# [DATA FOR THIS TASK]

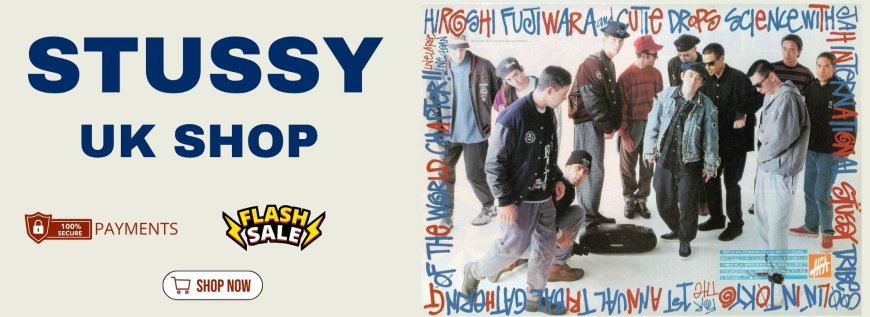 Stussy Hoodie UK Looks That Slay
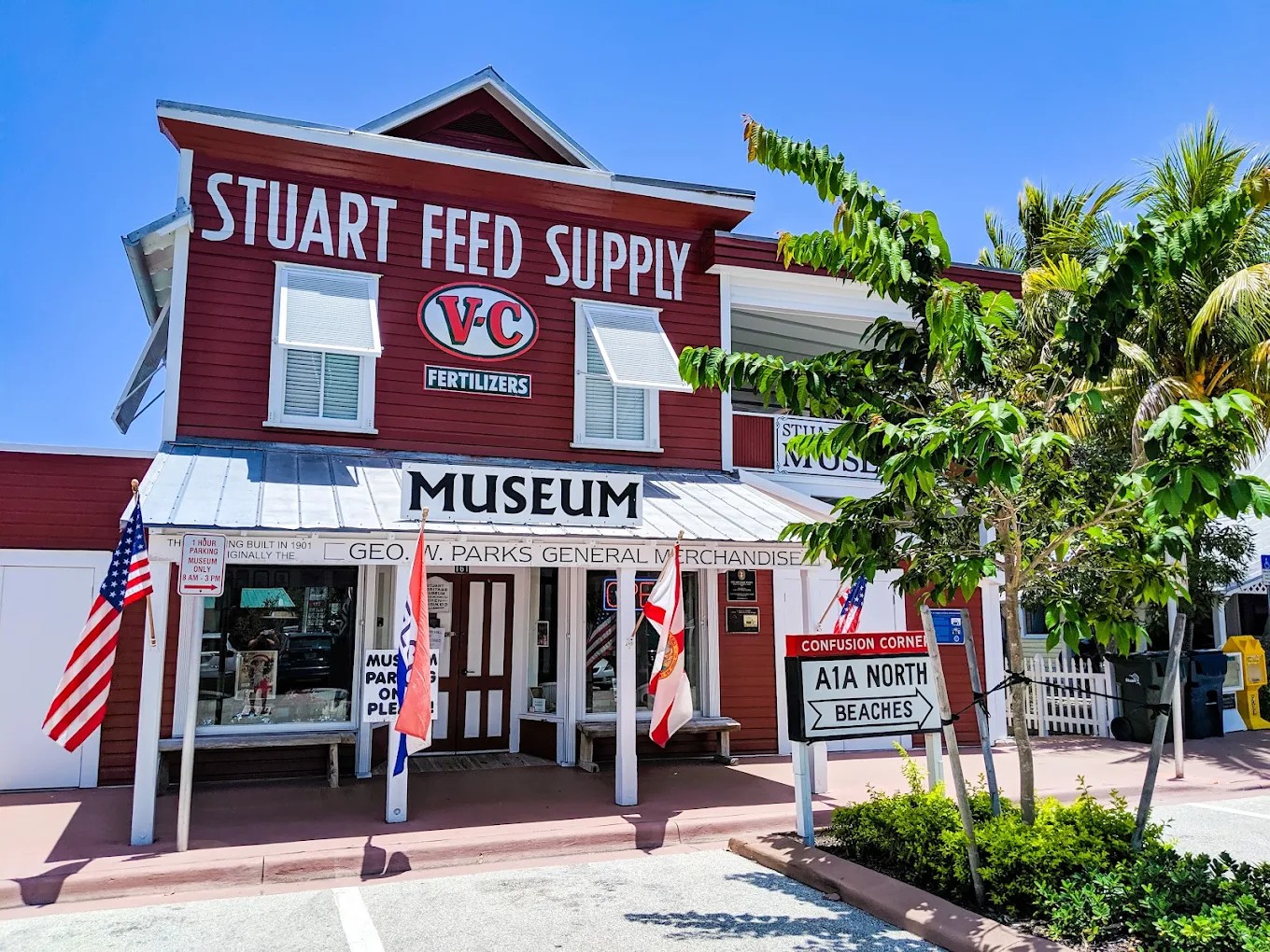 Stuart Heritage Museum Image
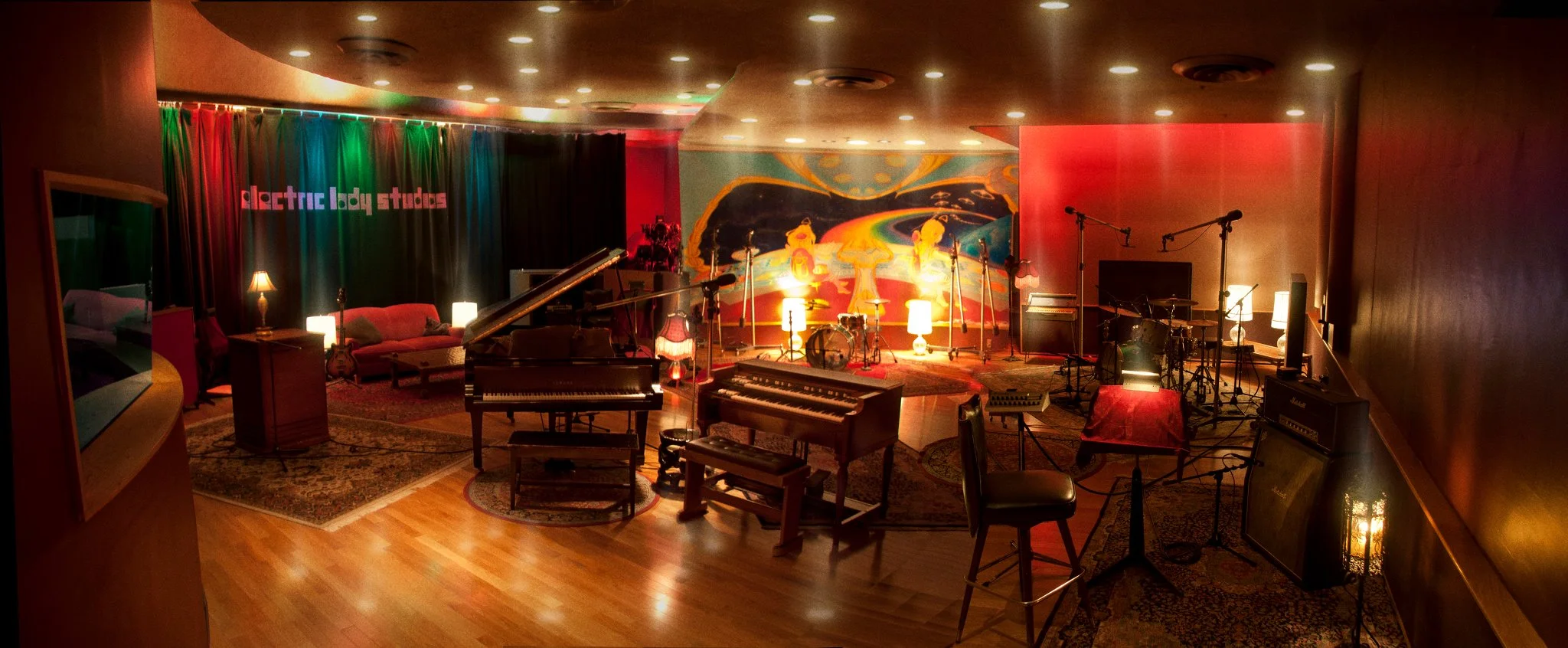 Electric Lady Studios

==

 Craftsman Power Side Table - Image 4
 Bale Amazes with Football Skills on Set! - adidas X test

# [DIRECTIONS FOR THIS TASK]
The entries above hold a line with "Craftsman Power Side Table - Image 4" and a later line with "Bale Amazes with". Write out exactly those lines and all lines between, nothing more.

# [RESULT FOR THIS EXERCISE]
 Craftsman Power Side Table - Image 4
 Bale Amazes with Football Skills on Set! - adidas X test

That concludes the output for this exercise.